Misalignment is also a risk associated with the change process. In many instances, change efforts require configuration and sponsorship from different stakeholders. Aligning stakeholder’s interests with the change process can help ensure a smooth transition. Additionally, a suitable governance structure makes the change initiative successful. The process is likely to fail if the governance procedures within the company are unsuitable.
It suffices to mention that any type of change will attract uncertainty and ambiguity. The company may not know what they want when outlining their strategic plans, and the changes that are to be implemented might also mean changing their strategic plan. The change initiatives may also be costly.
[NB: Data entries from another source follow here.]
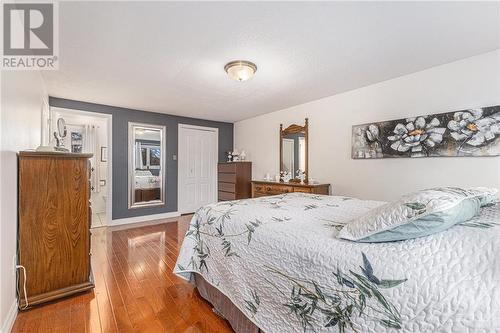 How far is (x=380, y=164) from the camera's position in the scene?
10.4 ft

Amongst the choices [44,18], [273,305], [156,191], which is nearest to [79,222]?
[44,18]

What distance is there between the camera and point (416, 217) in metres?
0.89

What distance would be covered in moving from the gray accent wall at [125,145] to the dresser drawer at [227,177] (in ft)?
3.53

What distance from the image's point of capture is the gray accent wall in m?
4.22

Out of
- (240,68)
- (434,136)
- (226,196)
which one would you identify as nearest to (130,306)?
(240,68)

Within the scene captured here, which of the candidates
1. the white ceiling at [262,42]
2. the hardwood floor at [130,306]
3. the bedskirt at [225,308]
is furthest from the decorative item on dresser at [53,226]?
the white ceiling at [262,42]

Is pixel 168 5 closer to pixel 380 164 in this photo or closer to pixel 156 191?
pixel 380 164

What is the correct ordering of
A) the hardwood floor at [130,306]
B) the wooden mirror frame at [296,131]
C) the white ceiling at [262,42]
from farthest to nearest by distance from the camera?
the wooden mirror frame at [296,131] → the white ceiling at [262,42] → the hardwood floor at [130,306]

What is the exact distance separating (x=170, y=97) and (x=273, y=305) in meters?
3.49

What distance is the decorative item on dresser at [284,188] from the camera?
142 inches

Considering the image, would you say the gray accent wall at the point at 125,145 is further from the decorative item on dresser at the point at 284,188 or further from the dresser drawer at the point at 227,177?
the decorative item on dresser at the point at 284,188

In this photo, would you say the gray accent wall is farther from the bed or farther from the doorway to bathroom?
the bed

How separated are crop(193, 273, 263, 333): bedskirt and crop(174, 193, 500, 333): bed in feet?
0.10

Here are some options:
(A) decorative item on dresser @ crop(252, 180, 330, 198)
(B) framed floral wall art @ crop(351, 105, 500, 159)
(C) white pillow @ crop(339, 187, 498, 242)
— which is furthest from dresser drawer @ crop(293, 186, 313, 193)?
(C) white pillow @ crop(339, 187, 498, 242) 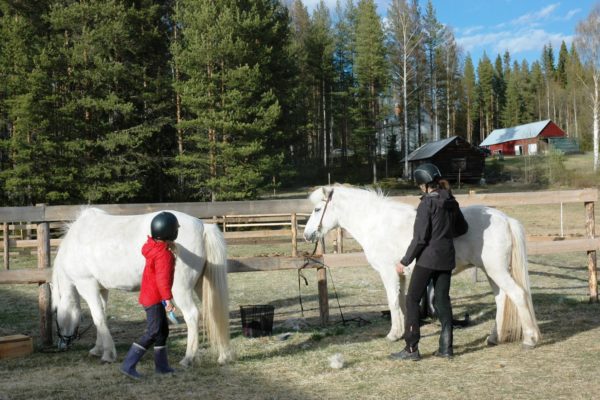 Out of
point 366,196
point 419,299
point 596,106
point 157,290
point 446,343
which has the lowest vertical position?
point 446,343

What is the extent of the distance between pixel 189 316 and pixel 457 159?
42.7m

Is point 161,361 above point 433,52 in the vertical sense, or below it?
below

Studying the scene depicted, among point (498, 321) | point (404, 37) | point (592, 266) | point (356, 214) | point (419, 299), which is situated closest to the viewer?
point (419, 299)

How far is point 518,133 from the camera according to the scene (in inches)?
2569

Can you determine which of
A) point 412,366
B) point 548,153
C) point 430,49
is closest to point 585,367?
point 412,366

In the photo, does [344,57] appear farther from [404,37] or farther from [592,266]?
[592,266]

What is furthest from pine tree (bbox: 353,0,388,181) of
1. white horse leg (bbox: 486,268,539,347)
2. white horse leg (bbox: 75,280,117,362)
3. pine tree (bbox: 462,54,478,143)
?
white horse leg (bbox: 75,280,117,362)

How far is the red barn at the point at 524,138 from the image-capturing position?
203 feet

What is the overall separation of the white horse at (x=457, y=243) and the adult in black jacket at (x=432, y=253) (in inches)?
21.6

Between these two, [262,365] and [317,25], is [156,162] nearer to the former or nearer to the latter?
[262,365]

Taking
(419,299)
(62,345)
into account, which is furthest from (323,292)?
(62,345)

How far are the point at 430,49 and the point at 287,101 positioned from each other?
27.6 metres

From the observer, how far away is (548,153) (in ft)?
129

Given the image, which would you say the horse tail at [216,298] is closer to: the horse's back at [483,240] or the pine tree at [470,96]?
the horse's back at [483,240]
Kambil insists that all these factors have to be considered when thinking about misalignment. In turn, the change process will be highly successful.
A majority of management officials usually hinder the change process due to personal behavior. It is important that change is made part of the organizational culture to avoid such challenges in the future. There are various ways in which change can be included in an organization’s culture. Indeed, a feeling of normalcy should be avoided to ensure employees are open-minded towards change. This can be done through training and refresher courses on the company’s strategic plan. Having said so, it is important to ensure that the strategic plans associated with the different departments in the company are flexible. Flexibility ensures that social issues that come up during any change management process are easily resolved.
The article selected for review implies that the management of many companies in the 21st century does not know their roles in their respective organizations in regards to change management. The article also emphasizes the need for change leaders to embrace transitions first to cultivate an environment of adaptability. In turn, other employees will embrace the change as well. In addition to the stated, people who lead the change process in organizations in the 21st century should reorganize the talents and abilities of their team groups in order to minimize some of the risks associated with organizational change. Kambil explains that communications are very crucial in change management. However, communication should be timely, consistent, and personal.
In conclusion, whereas inadequate budgets are the main challenge in the implementation of change in an organization, attitude and behavior affect the success of the proposed change. Indeed, there are many other factors that could hinder the success of the proposed change, but the two mentioned concepts can be linked to the other factors. Indeed, executives require sufficient resources to lessen execution risk.
Secondly, leaders need to reduce stakeholder misalignment when implementing change processes to ensure a successful transition. Operative governance that aids in the change initiative is also crucial. Additionally, the people driving the change should anticipate social risks that might be tied to the organizational culture. However, the preparation and inclusion of all stakeholders in the change process will make it highly successful. It is important to note that timely and specific communication is also required to ensure successful transitions.
Buono, Anthony F. and Aaron J. Nurick. “Intervening in the Middle: Coping Strategies in Mergers and Acquisitions.” Human Resource Planning, vol. 15, no. 2, 1992, pp. 19-33.
Gabarro, J. John and John P. Kotter. Managing Your Boss. Harvard Business Review, 1980.
Kambil, Ajit. “Managing the Execution Risks of Change Initiatives.” The Wall Street Journal. 2018. Web.
Kerber, Kenneth. “Rethinking Organizational Change: Reframing the Challenge of Change Management.” Organizational Development Journal, vol. 23, no. 3, 2005, pp. 23-37.